WORK INSTRUCTION:
Under this line are the records; write out word for word the part that begins at the line containing "International Literacy Day" and ends at the line containing "郑州长城科工贸GRL-10升降三层玻璃反应釜高硼硅玻璃变频调速", and no more.

SOURCE RECORDS:
+---+
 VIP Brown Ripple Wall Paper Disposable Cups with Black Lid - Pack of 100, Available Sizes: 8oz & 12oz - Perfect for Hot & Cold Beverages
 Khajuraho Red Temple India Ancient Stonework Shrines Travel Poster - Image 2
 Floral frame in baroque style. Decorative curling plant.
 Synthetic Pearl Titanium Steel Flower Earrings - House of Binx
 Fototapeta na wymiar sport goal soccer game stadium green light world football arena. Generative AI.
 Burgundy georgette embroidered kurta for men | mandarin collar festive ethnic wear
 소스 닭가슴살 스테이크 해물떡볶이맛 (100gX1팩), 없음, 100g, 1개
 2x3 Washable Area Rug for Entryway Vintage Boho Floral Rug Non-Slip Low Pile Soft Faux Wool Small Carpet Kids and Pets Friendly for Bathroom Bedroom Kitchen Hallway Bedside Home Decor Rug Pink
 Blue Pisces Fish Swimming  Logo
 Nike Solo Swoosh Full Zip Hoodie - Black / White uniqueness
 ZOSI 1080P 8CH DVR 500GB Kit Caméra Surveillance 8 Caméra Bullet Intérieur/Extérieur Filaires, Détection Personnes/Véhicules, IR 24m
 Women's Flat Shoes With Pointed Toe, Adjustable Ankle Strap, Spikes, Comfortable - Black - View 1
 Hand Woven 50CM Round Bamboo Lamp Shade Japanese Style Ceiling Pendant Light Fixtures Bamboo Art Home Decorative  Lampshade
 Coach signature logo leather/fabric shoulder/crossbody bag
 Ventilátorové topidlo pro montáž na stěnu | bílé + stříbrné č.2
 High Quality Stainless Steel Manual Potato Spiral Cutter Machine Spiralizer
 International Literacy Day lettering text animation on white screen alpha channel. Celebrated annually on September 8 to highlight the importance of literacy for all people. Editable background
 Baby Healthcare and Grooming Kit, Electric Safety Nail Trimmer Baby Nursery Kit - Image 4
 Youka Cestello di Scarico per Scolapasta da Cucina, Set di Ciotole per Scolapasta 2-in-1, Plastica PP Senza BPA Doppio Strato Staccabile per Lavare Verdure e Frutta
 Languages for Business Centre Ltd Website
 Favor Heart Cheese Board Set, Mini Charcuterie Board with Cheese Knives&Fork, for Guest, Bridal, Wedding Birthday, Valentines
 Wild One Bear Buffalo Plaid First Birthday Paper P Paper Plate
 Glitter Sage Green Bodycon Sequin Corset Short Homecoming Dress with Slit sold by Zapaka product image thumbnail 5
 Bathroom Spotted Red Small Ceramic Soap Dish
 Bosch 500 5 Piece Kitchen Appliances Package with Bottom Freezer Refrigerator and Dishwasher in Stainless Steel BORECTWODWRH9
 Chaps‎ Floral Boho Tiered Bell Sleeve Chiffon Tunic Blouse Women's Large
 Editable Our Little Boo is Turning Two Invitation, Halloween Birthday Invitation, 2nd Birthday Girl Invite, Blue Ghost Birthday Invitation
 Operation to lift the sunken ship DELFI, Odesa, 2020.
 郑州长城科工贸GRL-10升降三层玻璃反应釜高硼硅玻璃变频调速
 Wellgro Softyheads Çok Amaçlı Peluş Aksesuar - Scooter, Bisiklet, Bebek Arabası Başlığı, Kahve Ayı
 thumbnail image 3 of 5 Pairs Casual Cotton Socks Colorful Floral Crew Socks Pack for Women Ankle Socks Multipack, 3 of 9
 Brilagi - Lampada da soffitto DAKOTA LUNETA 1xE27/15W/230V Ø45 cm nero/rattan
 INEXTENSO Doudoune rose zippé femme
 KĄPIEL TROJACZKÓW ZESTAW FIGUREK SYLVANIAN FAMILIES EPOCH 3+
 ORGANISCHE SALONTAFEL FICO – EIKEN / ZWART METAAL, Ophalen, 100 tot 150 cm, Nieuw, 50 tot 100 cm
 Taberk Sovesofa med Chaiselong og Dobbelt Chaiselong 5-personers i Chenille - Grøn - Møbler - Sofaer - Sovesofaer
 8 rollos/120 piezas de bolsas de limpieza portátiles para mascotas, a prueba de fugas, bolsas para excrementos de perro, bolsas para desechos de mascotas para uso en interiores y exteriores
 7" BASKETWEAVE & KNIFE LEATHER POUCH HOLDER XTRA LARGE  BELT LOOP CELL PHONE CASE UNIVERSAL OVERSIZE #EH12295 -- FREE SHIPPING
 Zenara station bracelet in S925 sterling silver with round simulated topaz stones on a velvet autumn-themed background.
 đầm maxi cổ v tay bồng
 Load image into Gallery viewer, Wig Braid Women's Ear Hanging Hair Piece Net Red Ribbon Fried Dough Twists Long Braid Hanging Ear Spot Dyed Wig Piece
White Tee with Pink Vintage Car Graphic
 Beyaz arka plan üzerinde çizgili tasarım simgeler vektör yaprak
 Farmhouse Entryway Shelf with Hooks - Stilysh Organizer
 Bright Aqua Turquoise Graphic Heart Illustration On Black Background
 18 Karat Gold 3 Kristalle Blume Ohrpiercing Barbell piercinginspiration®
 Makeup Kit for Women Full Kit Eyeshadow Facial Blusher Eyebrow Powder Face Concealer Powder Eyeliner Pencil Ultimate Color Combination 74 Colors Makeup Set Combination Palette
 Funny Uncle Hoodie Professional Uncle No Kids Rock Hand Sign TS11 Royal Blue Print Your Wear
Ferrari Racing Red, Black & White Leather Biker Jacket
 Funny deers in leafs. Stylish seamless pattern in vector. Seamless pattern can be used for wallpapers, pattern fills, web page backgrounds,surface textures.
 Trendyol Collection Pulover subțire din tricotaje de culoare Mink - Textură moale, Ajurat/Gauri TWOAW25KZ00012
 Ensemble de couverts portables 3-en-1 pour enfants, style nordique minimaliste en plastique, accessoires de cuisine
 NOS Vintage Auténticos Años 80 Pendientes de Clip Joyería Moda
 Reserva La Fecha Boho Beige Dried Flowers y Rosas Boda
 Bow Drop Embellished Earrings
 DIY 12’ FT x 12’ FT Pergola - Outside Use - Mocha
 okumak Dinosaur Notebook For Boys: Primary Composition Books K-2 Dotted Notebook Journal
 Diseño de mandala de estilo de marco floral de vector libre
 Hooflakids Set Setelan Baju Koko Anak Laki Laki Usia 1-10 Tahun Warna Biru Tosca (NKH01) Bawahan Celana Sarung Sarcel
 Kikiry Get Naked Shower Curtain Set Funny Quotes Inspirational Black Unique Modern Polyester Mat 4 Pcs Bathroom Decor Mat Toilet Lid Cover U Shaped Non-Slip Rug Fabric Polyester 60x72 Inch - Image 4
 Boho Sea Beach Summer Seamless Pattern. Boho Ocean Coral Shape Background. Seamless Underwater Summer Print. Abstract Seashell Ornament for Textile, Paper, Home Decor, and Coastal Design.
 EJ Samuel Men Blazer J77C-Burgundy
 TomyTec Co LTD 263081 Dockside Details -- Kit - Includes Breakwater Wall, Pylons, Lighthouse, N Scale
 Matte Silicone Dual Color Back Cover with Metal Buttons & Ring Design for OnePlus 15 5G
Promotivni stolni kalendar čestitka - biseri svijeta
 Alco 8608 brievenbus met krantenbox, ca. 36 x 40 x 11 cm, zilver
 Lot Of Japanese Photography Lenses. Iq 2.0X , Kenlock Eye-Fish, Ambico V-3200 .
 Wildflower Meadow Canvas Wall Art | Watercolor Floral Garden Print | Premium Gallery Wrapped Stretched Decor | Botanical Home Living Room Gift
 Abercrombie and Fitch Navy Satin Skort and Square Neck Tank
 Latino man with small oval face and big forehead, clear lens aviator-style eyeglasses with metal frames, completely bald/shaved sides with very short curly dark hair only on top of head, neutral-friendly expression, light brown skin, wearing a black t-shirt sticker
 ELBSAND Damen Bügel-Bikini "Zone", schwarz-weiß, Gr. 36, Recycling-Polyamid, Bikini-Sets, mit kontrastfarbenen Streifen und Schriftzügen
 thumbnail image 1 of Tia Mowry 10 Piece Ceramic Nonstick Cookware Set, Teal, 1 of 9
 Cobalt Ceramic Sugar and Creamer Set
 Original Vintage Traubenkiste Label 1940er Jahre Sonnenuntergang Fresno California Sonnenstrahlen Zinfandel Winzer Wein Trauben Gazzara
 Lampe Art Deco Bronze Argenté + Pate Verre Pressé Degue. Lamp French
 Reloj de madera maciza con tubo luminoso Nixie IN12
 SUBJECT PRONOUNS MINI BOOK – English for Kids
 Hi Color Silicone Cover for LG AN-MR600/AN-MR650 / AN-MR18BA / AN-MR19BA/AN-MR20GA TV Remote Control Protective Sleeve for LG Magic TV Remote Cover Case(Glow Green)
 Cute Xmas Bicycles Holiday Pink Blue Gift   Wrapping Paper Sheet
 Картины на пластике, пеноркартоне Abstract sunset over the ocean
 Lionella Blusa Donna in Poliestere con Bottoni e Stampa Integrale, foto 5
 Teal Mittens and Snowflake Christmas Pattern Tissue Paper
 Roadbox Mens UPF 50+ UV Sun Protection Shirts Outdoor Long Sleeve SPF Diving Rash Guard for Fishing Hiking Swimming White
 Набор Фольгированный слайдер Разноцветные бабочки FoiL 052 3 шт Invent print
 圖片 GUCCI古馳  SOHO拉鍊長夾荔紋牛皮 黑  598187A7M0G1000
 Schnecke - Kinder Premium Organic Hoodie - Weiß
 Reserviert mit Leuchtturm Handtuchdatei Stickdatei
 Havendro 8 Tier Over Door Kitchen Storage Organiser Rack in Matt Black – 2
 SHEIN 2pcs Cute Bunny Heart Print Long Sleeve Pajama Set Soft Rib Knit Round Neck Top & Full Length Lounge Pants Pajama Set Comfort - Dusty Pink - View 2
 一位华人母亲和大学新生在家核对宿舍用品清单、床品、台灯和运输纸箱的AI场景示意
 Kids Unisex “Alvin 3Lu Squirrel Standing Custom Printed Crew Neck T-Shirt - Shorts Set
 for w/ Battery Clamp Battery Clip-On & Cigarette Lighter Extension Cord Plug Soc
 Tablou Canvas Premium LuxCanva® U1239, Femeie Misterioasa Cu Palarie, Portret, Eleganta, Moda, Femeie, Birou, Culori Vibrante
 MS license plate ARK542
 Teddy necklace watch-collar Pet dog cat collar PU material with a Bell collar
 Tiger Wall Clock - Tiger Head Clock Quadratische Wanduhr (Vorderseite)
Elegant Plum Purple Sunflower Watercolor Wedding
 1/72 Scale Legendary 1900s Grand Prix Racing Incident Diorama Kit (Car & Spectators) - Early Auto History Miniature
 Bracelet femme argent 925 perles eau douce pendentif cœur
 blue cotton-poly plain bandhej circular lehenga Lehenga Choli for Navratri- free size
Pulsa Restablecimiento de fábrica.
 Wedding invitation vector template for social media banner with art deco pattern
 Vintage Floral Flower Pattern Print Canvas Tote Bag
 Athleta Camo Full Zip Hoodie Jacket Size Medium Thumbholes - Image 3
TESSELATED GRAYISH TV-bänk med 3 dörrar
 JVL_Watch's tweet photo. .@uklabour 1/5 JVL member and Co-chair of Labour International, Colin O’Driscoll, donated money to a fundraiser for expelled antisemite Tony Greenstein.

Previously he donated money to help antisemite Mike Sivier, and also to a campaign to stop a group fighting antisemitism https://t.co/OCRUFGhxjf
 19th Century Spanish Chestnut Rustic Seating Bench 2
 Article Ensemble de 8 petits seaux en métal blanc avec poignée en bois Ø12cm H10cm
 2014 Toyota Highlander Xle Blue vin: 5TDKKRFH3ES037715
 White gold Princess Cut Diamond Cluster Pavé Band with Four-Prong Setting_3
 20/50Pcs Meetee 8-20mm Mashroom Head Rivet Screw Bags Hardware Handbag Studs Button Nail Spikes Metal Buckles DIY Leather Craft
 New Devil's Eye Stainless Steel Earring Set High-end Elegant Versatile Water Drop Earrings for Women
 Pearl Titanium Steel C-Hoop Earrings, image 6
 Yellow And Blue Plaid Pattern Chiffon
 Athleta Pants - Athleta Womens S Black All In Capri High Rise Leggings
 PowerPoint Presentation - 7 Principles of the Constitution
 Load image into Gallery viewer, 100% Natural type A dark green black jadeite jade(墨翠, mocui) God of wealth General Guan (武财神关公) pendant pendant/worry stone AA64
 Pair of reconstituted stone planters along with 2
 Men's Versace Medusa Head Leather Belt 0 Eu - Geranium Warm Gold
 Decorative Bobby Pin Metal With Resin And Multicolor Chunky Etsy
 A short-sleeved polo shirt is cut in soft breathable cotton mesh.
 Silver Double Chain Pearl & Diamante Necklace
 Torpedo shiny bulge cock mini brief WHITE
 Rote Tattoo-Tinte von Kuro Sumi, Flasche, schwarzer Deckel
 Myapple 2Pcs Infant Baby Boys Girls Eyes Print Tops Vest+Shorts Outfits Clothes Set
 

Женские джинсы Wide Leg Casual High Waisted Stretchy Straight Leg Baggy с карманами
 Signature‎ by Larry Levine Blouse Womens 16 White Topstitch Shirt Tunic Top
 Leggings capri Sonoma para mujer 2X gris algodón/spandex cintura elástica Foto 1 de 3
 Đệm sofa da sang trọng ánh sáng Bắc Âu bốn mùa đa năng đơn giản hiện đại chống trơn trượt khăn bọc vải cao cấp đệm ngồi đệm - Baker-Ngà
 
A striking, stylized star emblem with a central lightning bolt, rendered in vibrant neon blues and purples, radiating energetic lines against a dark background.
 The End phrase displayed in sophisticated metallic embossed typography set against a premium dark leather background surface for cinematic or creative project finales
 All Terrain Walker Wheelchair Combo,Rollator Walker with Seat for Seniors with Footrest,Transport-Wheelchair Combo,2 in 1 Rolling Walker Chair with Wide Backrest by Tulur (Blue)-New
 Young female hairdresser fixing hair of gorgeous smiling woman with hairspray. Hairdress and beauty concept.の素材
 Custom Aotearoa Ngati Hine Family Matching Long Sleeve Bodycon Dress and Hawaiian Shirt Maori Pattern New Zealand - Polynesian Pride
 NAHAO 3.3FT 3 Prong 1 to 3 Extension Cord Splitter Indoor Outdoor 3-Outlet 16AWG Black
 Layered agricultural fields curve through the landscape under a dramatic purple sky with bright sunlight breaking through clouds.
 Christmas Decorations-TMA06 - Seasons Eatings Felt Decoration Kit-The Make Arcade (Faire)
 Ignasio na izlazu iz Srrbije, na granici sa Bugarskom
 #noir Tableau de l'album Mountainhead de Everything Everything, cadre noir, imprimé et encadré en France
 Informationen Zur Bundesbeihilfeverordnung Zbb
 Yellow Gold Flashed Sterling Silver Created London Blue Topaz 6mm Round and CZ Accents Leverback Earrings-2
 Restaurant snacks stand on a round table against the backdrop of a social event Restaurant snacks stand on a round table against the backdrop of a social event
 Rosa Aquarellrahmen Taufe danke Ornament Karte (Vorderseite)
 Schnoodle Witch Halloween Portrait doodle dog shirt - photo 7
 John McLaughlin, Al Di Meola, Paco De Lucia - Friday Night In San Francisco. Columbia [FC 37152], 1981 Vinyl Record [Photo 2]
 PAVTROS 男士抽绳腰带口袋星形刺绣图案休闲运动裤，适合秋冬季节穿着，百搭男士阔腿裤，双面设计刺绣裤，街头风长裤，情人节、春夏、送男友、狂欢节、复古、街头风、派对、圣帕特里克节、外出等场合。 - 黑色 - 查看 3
+---+
WRITTEN SOLUTION:
 International Literacy Day lettering text animation on white screen alpha channel. Celebrated annually on September 8 to highlight the importance of literacy for all people. Editable background
 Baby Healthcare and Grooming Kit, Electric Safety Nail Trimmer Baby Nursery Kit - Image 4
 Youka Cestello di Scarico per Scolapasta da Cucina, Set di Ciotole per Scolapasta 2-in-1, Plastica PP Senza BPA Doppio Strato Staccabile per Lavare Verdure e Frutta
 Languages for Business Centre Ltd Website
 Favor Heart Cheese Board Set, Mini Charcuterie Board with Cheese Knives&Fork, for Guest, Bridal, Wedding Birthday, Valentines
 Wild One Bear Buffalo Plaid First Birthday Paper P Paper Plate
 Glitter Sage Green Bodycon Sequin Corset Short Homecoming Dress with Slit sold by Zapaka product image thumbnail 5
 Bathroom Spotted Red Small Ceramic Soap Dish
 Bosch 500 5 Piece Kitchen Appliances Package with Bottom Freezer Refrigerator and Dishwasher in Stainless Steel BORECTWODWRH9
 Chaps‎ Floral Boho Tiered Bell Sleeve Chiffon Tunic Blouse Women's Large
 Editable Our Little Boo is Turning Two Invitation, Halloween Birthday Invitation, 2nd Birthday Girl Invite, Blue Ghost Birthday Invitation
 Operation to lift the sunken ship DELFI, Odesa, 2020.
 郑州长城科工贸GRL-10升降三层玻璃反应釜高硼硅玻璃变频调速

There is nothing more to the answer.